Digital Quality & Compliance (Life Sciences)
Location: Pan India
Who You'll Work With
We partner with leading global BioPharma and Med‑Tech organizations on transformation initiatives across the value chain, including Data‑Driven R&D, Clinical Development, Intelligent Operations, Digital Transformation, Quality & Regulatory Compliance, and Connected Health.
You will work closely with C‑Suite executives and senior leadership to design and deliver complex, high‑impact transformation programs.
Key Responsibilities
- Assess current quality state and define digital quality strategies and roadmaps.
- Develop and implement quality strategies and SOPs (Data Governance, IT QMS, Change Control, Non‑Conformance, CAPA).
- Resolve complex quality and compliance challenges using data‑driven insights.
- Drive continuous improvement and compliance with GMP, FDA, and ISO standards.
- Enable quality transformation using automation, analytics, AI, and digital platforms.
- Design Digital Quality Operating Models, define KPIs, and lead improvement engagements.
- Provide expertise in GxP validation, SDLC, Agile methodologies, and ALCOA+ data lifecycle management.
- Advise stakeholders on quality systems, compliance, and digital enablement.
Technical Skill
- Strong understanding of life sciences regulations and industry trends.

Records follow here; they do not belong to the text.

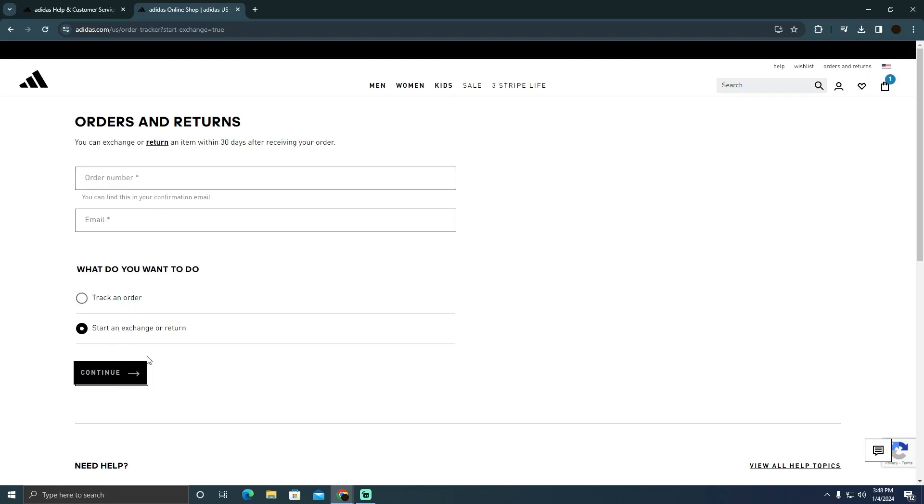Then you have to click on continue. It will take you to the new steps. You need to follow the instructions, follow the steps, and your exchange should be done. So that's pretty much it. That's how you guys can do it. Hope you guys find this video helpful.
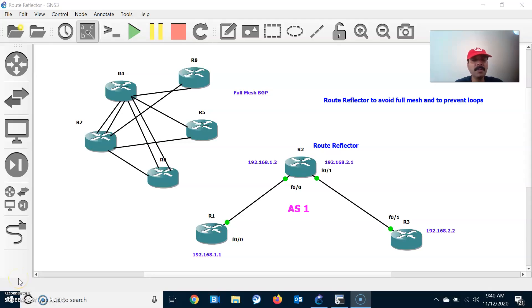Hi friends, this is server here, welcome to my networking channel, hope all are doing well and safe. Today let us discuss about BGP route reflector. Before that, let us see what is full mesh iBGP neighbor relationship.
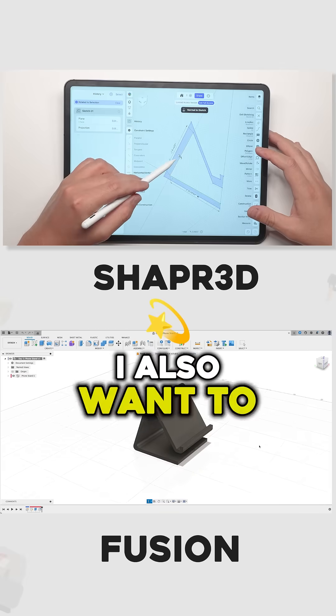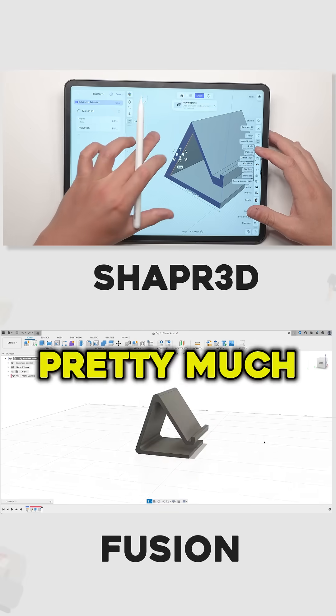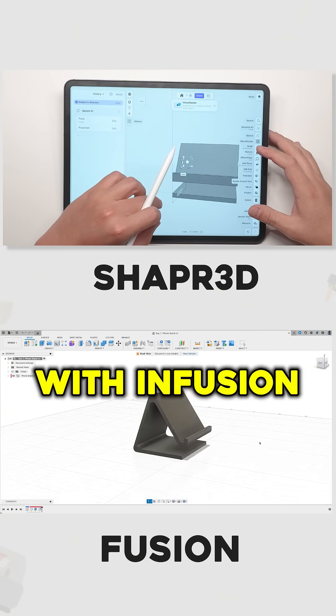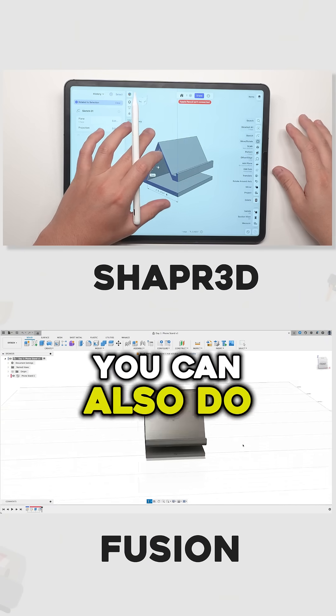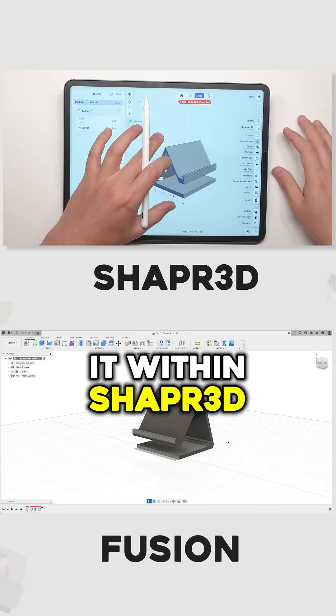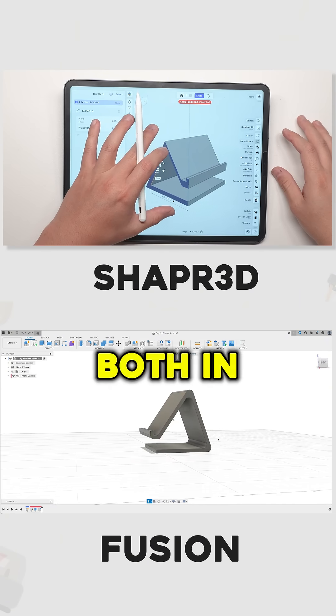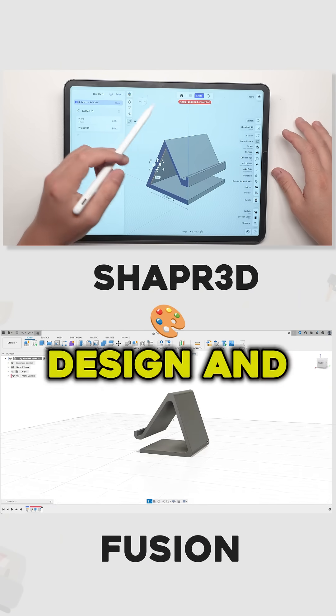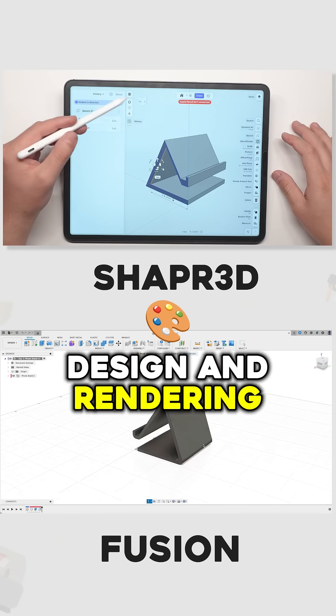You can pretty much do the exact same thing within Fusion as you can within Shapr3D — both in modeling, design, and rendering.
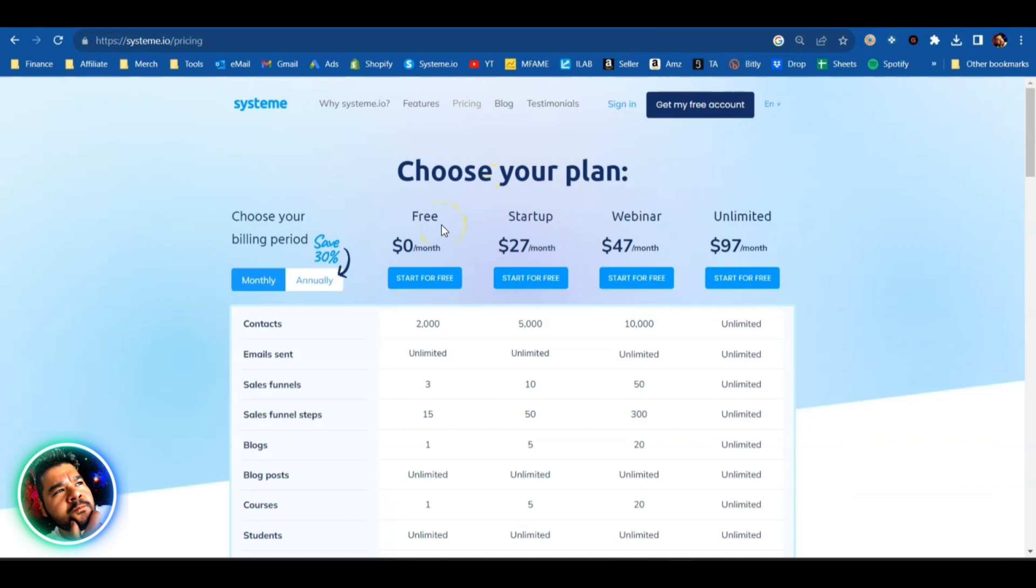Go ahead, grab your free plan today with the link in the description. When you do that, shoot me an email at hi@everydayfba.com, I'll be happy to get you set up and get your business started with System.io. My name is Josh, everydayfba.com is the website. I'll catch you guys on that next one. Peace.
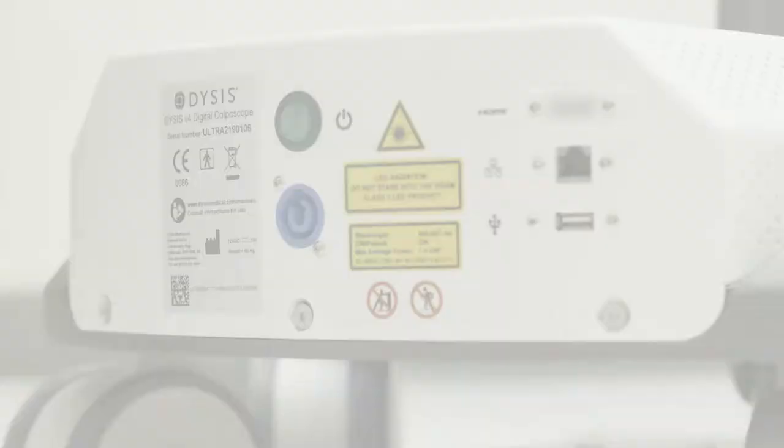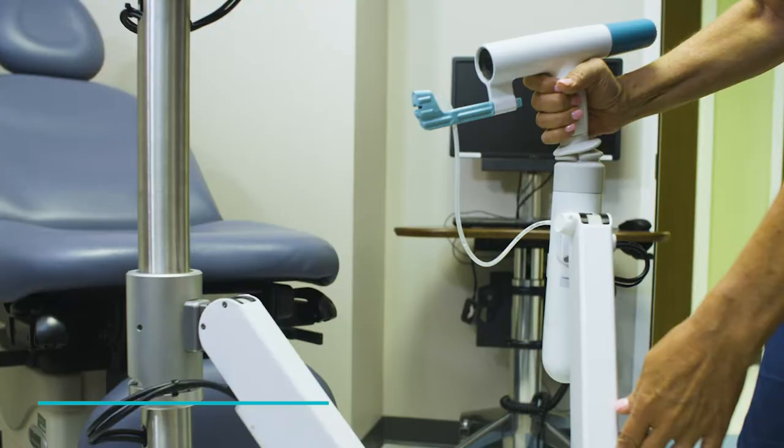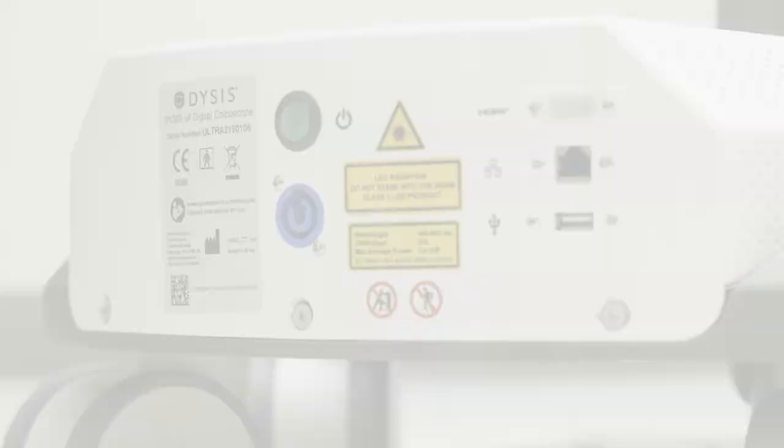Setting up Dysys Ultra for a patient exam. Dysys Ultra includes a computer with all the necessary ports, imaging head, and a touch screen monitor for the provider. To power on, plug the Dysys Ultra power cord into the power outlet and press the green power button on the back of the base to turn it on.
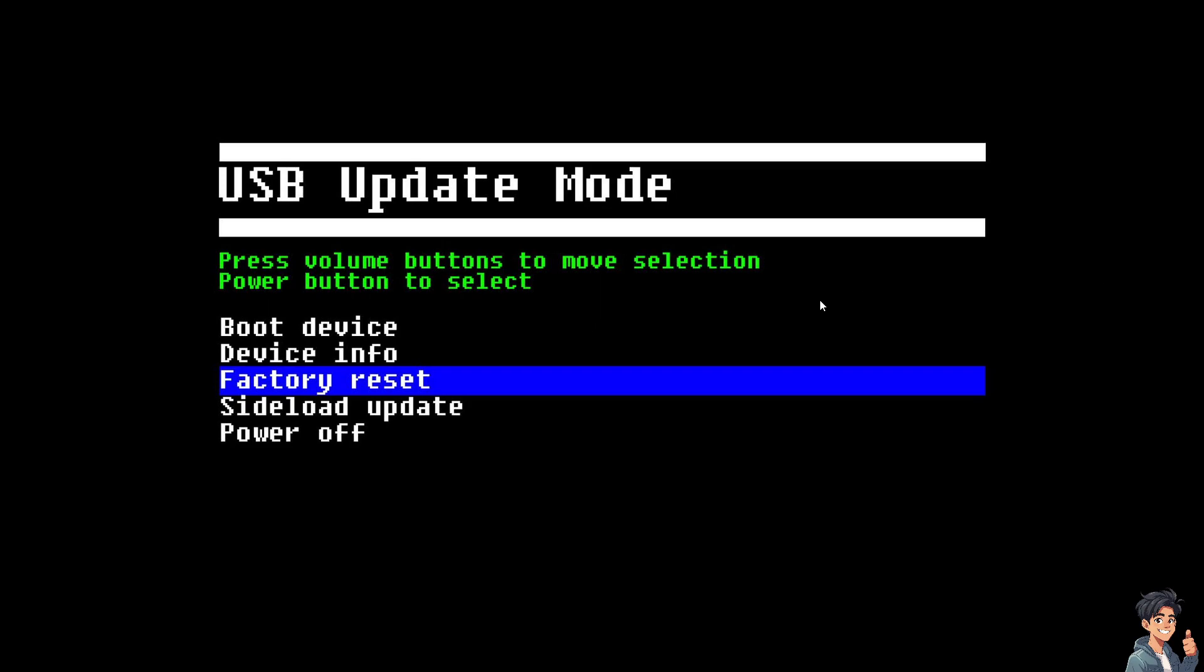And from here, you need to navigate the boot menu by using the volume buttons to navigate the factory reset option.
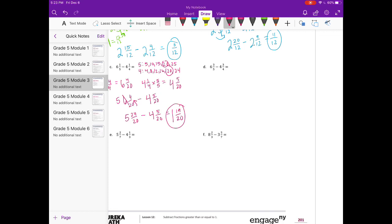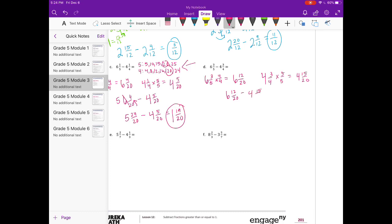6 and 3 fifths minus 4 and 3 fourths. We already found our common denominator is 20. Making 6 and 3 fifths into 20ths, I multiply by 4 fourths, giving 6 and 12 twentieths. And then 4 and 3 fourths — 4 times 5 is 20, so that gives 4 and 15 twentieths. We have 6 and 12 twentieths minus 4 and 15 twentieths. We can't do 12 minus 15, so I borrow, making it 5, and add 20 twentieths to 12 twentieths to get 32 twentieths. So 5 and 32 twentieths minus 4 and 15 twentieths gives 17 twentieths, and 5 minus 4 is 1. The answer is 1 and 17 twentieths.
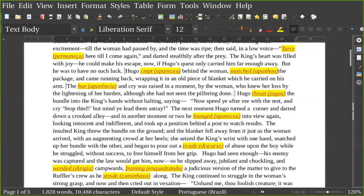She seized the king's wrist with one hand, snatched up her bundle with the other, and began to pour out a tirade of abuse upon the boy while he struggled without success to free himself from her grip. Hugo had seen enough. His enemy was captured, and the law would get him now. So he slipped away, jibbling and chuckling, and went to camp, framing a judicious version of the matter to give to the ruffler's crew as he strode along.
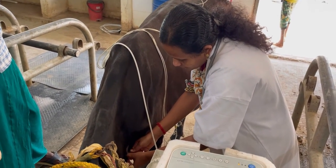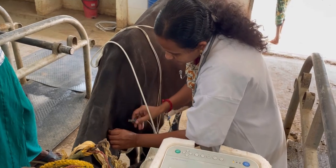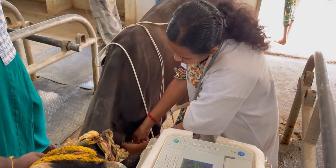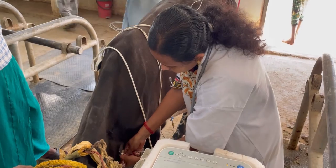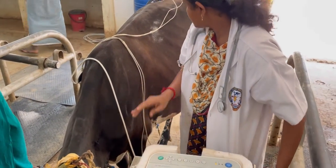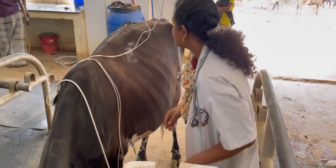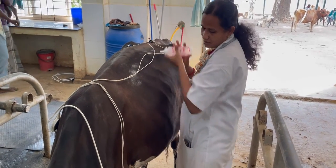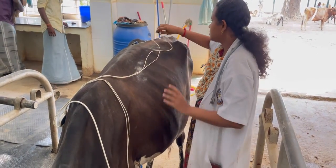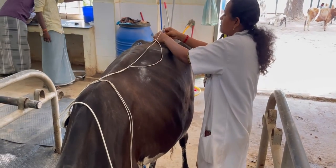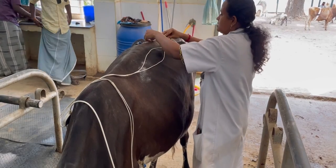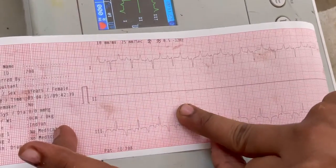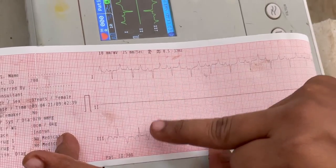The negative electrode, representing the right arm, is attached to the jugular furrow at one third of the neck on either side or at the mid-neck. The neutral electrode should be placed away from the heart. Here you can see the base-apex lead system using limb lead one.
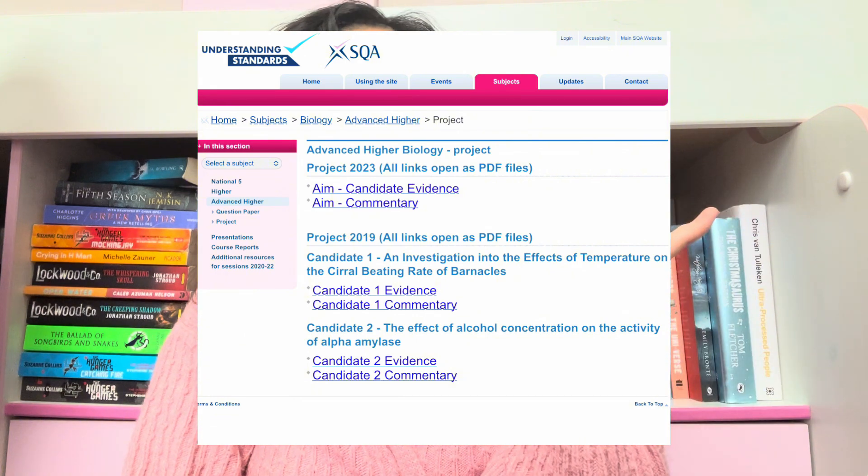I think Understanding Standards is quite helpful for the project because it gives you examples of evidence that people have done. There's a whole page on examples of aims and it outlines: yes, this person would get the mark because they did X, or this person would not get the mark because of Y. It's a really helpful resource if you're stuck with how to start and what a good example looks like. Obviously do not copy it or plagiarise, but having a look at Understanding Standards is really helpful for the project. It also has a full project from 2019 that you can look through.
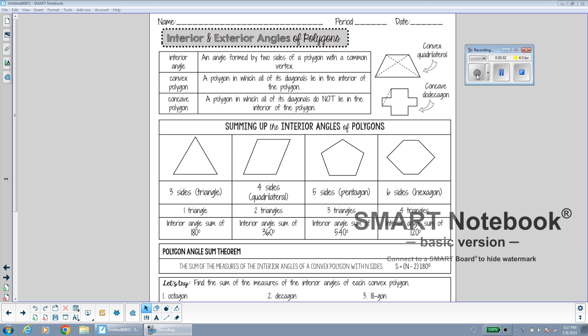In this video, we're going to go over the most recent topic that you learned, which is interior and exterior angles of polygons.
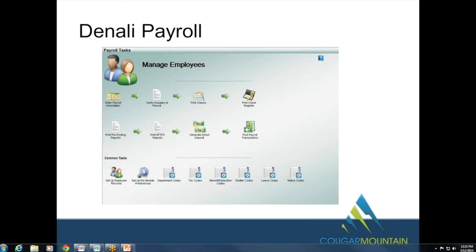On the question of manual setup of payroll preferences when converting from Pro: the conversion will automatically take your Professional payroll settings and convert them over to Denali Payroll for you, so you shouldn't need to manually re-enter anything.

- Experience across multiple areas such as:
- Digital QMS implementations (Veeva, MasterControl, TrackWise, EtQ, ComplianceWire)
- GxP Compliance, Regulatory Affairs, Audits, Periodic Reviews
- MES / Manufacturing IoT, Analytics, Big Data
- Process Improvement, Risk Management, Automated Controls
- End‑to‑End Validation (CSV/CSA) for ERP, CRM, LIMS, AI/ML, IoT, Cloud, and Digital Health
- Excellent problem‑solving, communication, stakeholder management, and business development skills.
Education & Experience
- Bachelor's degree in Life Sciences, Business, or related field; MBA preferred (top‑tier B‑school).
- 5–13 years of experience in life sciences quality systems consulting or relevant industry roles.
- Strong techno‑functional expertise in quality systems, data management, and IT validation.
- Deep understanding of FDA, EMA, MHRA and standards such as ISO, IMDRF, PIC/S.
- Certifications such as Lean Six Sigma, ASQ, CPSM, RAC are a plus.